Patients were randomized to receive either CEF (cyclophosphamide 400 mg/m² IV, epirubicin 50 mg/m² IV, and 5-FU 500 mg/m² IV each on days 1 and 8) or CMF (cyclophosphamide 500 mg/m² IV, methotrexate 40 mg/m² IV, and 5-FU 600 mg/m² IV each on days 1 and 8), with the cycles repeated every 3 or 4 weeks depending on recovery from toxicity. To calculate actual dose, the lesser of ideal and actual body weight was used.

Dose modifications were based on weekly complete blood count results and a thrice weekly assessment of other toxicities. On day 8, doses of CTX and 5-FU were reduced to 75% if the absolute neutrophil count (ANC) was 1.0 x 10⁹/L, and omitted if the platelet nadir was also less than 100 x 10⁹/L. On subsequent cycles, dose reduction to 75% of the previous cycle occurred if the ANC nadir was less than 0.2 and/or platelet nadir 50 x 10⁹/L, or if febrile neutropenia or other grade 3/4 toxicity had occurred. On day 21, treatment was delayed if the ANC was less than 1.5 x 10⁹/L or platelets less than 100 x 10⁹/L. A maximum delay of 2 weeks was permitted for the recovery of toxicity parameters after which the patient went off study treatment as a result of toxicity.

Treatment continued until six cycles had been given (nine cycles if complete or partial response was achieved), unless disease progression (PD), toxicity, or patient refusal occurred earlier. Patients who had stable disease as best response could only receive another treatment after PD had occurred.

Other treatment
No concomitant chemotherapy or hormonal therapy was allowed from the initiation of the study treatment until progressive disease was recorded. Corticosteroids were allowed as part of antiemetic therapy. Febrile neutropenia was treated according to institutional policy. When progression of disease occurred patients were treated according to physician choice.

Schedule of Evaluations
At registration all patients had a history, complete physical examination, WHO performance status, complete blood cell count (CBC), serum chemistry studies (electrolytes, urea, creatinine, calcium, bilirubin, AST, and alkaline phosphatase), ECG, and LVEF (by radionuclide gated heart scan or echocardiography). Tumor evaluation was undertaken with clinical examination, chest x-ray, liver computed tomography or ultrasound, bone scan, and bone x-rays if the scan was positive.
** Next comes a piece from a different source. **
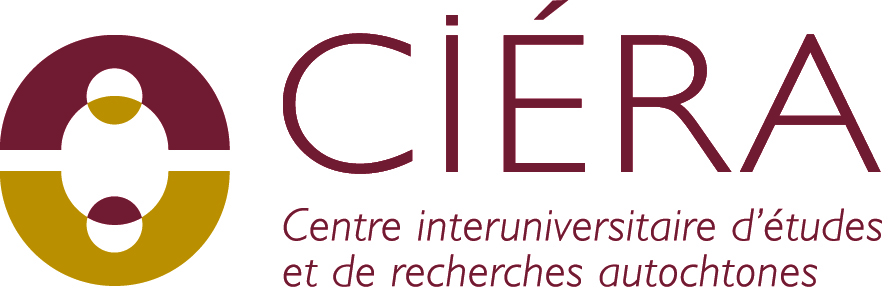 Logo du Centre interuniversitaire d'études et de recherches autochtones (CIÉRA)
Physical examination, performance status, chemistry, and ECG were repeated every 3 weeks. CBC was performed weekly, clinical toxicity was measured at baseline and at weeks 1 and 3 of each cycle. All evaluations and LVEF (radionuclide or echocardiography) were repeated at the end of therapy. In the CEF arm LVEF was also measured when epirubicin cumulative doses of 400 to 500mg/m² and 700 to 800 mg/m² were reached and before each cycle thereafter. The criteria for stopping study treatment because of cardiotoxicity were a 20% absolute decrease from baseline, or a more than 10% decrease below the lower limit of normal as defined by the institution, or clinical congestive heart failure. Tumor assessment was performed every 6 weeks. After treatment completion, patients were followed for PD and survival every 3 months.

Efficacy Analysis
Patient eligibility, assessability, and best response achieved were confirmed by a review of the case report forms by an independent medical oncologist. A patient was considered assessable for response if she had received at least two cycles of treatment, unless rapid PD occurred earlier, in which case treatment was considered to have failed. WHO criteria for response were used.³⁰ All assessments of all lesions were used to determine overall response. Stabilization of disease for at least 4 months, rather than 1 month, was required to qualify for the no change category.

Efficacy analyses was performed on all patients on an intent-to-treat (ITT) basis. Parameters assessed were time to progression (TTP), time to treatment failure (TTF), overall survival, and response rate. Response rate was analyzed on an ITT basis in all randomized patients who on review had histologically proven breast cancer. In addition, response rate, TTP, and duration of response were analyzed in all randomized patients who were eligible and assessable for efficacy assessment and were treated as randomized.

Safety Analysis
All patients who had received at least one cycle of chemotherapy were included in the safety analysis according to treatment actually received. All toxicities were evaluated at each cycle by the WHO criteria. In the case of hemoglobin at least one evaluation during the cycle was required. For other hematologic parameters, a cycle was defined as assessable if at least one CBC was available between days 8 and 15 (inclusive). Cardiac toxicity was evaluated according to the cumulative dose of epirubicin administered. LVEF analysis was performed in all assessable patients (defined as those patients with a baseline and at least one subsequent assessment using the same method).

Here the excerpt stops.